Contemporaneamente è arrivato quel minimo necessario per pagare il seminario, avere qualche impiegato, portare avanti alcune attività diocesane.

Comunione anche interdiocesana

Un’altra cosa che abbiamo cercato di costruire è la comunione con le diocesi vicine. La nostra Provincia ecclesiastica, che coincide con lo Stato del Sergipe, è di 24.000 kmq. La mia diocesi ha il territorio più grande, ma la capitale è più importante, con molte più persone preparate. Capimmo che dovevamo camminare un po’ più insieme.

Abbiamo cercato di vivere un rapporto fraterno con i vescovi e i sacerdoti delle tre diocesi confinanti con cui formiamo una «sottoregione». Abbiamo individuato una prima priorità pastorale: nella formazione dei preti e dei laici. Abbiamo fatto il primo corso per la formazione permanente del clero due anni fa. Sono venuti tutti quelli della mia diocesi, metà di un’altra diocesi, ma dalla capitale è venuto un solo sacerdote. Non ci siamo scoraggiati.

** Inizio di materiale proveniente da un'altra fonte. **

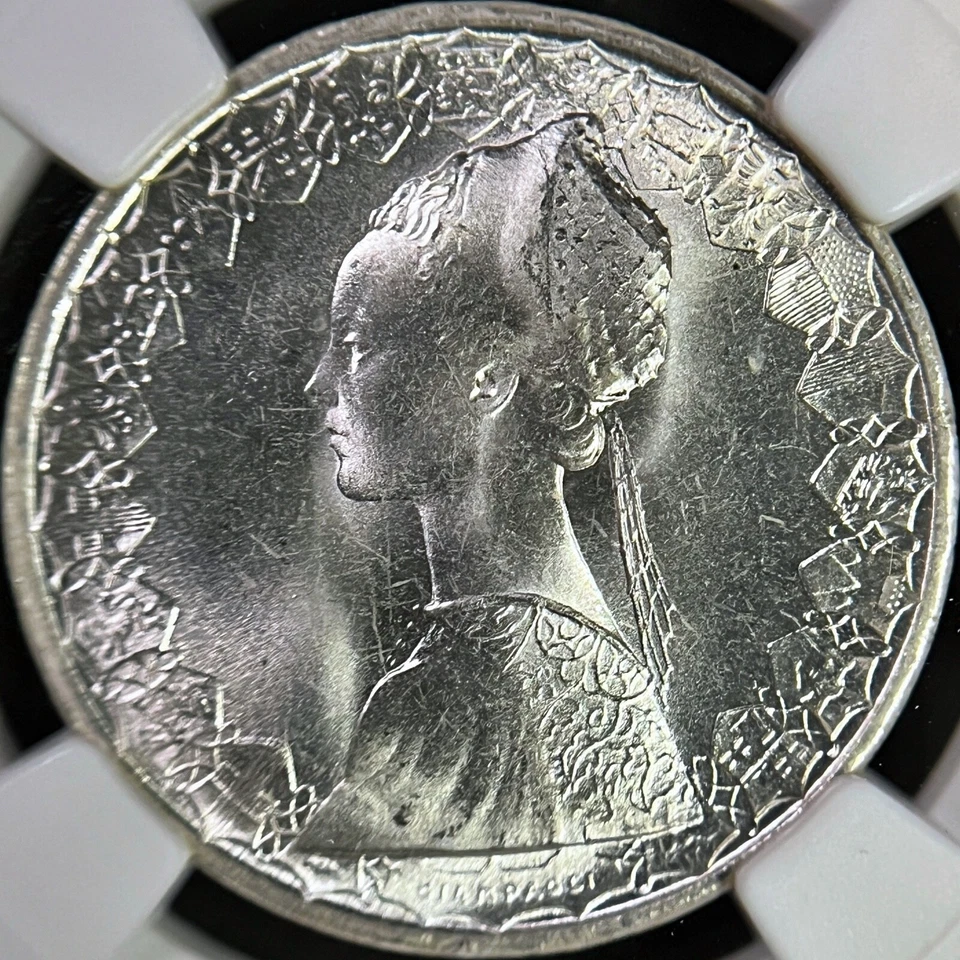ITALY. 1967, 500 Lire, Silver - NGC MS65 - Nina, Pinta, Santa Maria Ship - Image 3 of 4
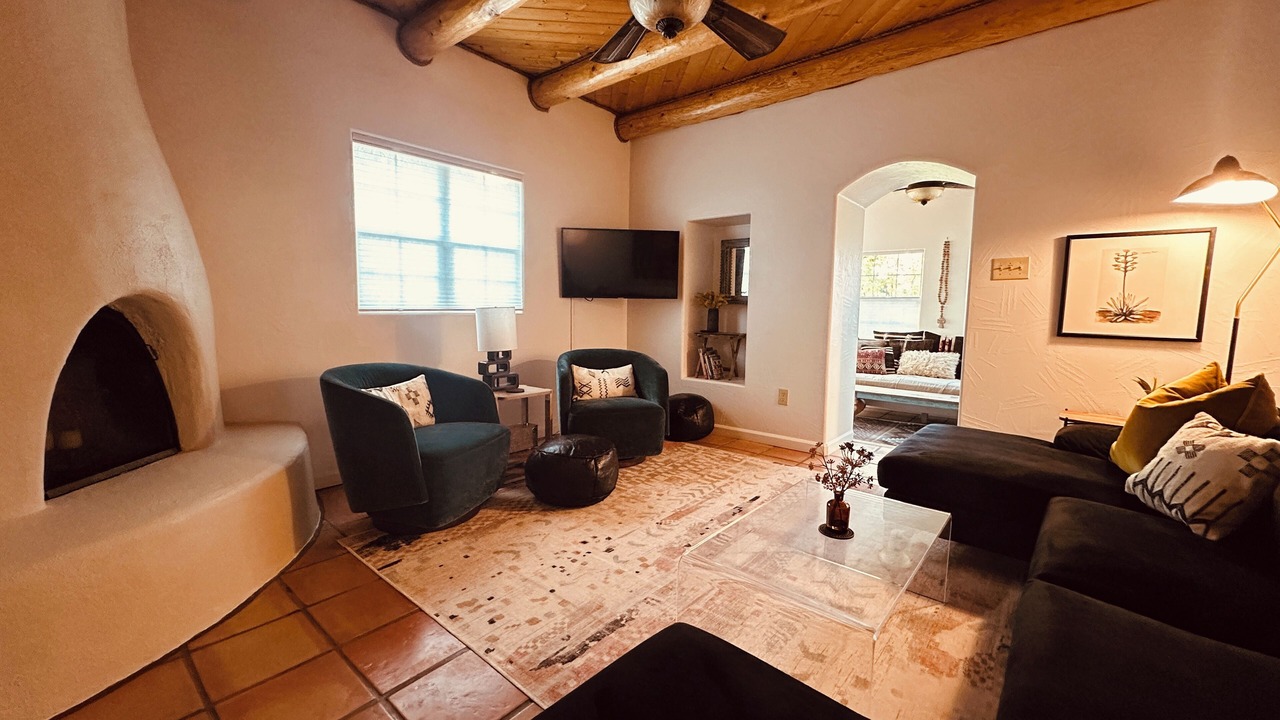 Photo of Livingroom in Truth or Consequences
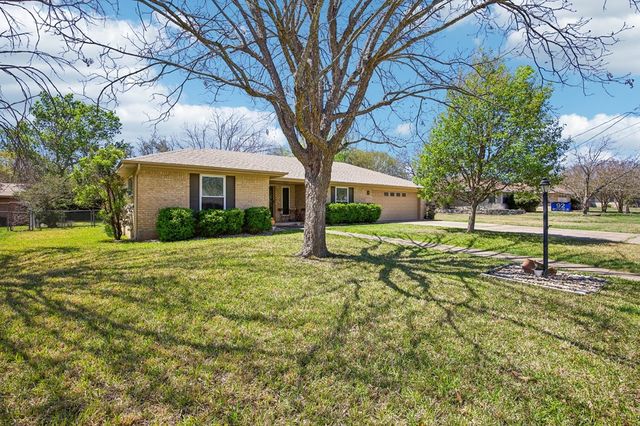 92 Westwood Lane, Kerrville, TX 78028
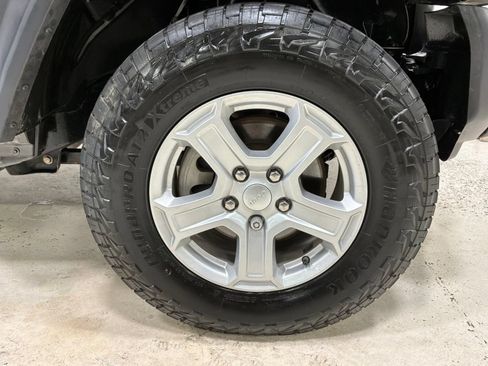 Used 2020 Jeep Wrangler Unlimited Sport S AWD/4WD image 12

L’anno seguente sono venuti quasi tutti i sacerdoti anche dell’altra diocesi e dalla capitale sono venuti in quindici. Ora vi partecipa quasi il novanta per cento del clero delle tre diocesi.

Sono corsi non solo teologici, ma anche pastorali e di spiritualità. Lo stesso avviene con i ritiri del clero. Stiamo portando avanti insieme anche le aree pastorali fondamentali: comunità di base, catechesi, pastorale della gioventù, della famiglia e vocazionale.

Mentre la diocesi si è ormai incamminata su questa strada comunionale, abbiamo dovuto far fronte a gravi emergenze di carattere sociale per impedire che il latifondo continui a gettare nella miseria i più poveri. Ci siamo esposti fino a rischiare la vita fisica ed io stesso sono stato portato in tribunale.

È stato un momento difficile, ma molto importante, perché abbiamo ricevuto la solidarietà di tutta la conferenza episcopale del Paese e il problema è stato portato a conoscenza di tutti attraverso i mass media. Almeno per ora abbiamo salvato la sopravvivenza di un gruppo di famiglie di contadini ed abbiamo posto un precedente. I poveri non solo hanno preso coscienza dei loro diritti, ma hanno potuto anche difenderli, facendo sentire la propria voce senza violenza e senza odio.

Anche se il cammino è ancora, ovviamente, lastricato di molte difficoltà, abbiamo constatato che questo modo comunionale di agire porta frutti concreti e riaccende nei poveri la speranza.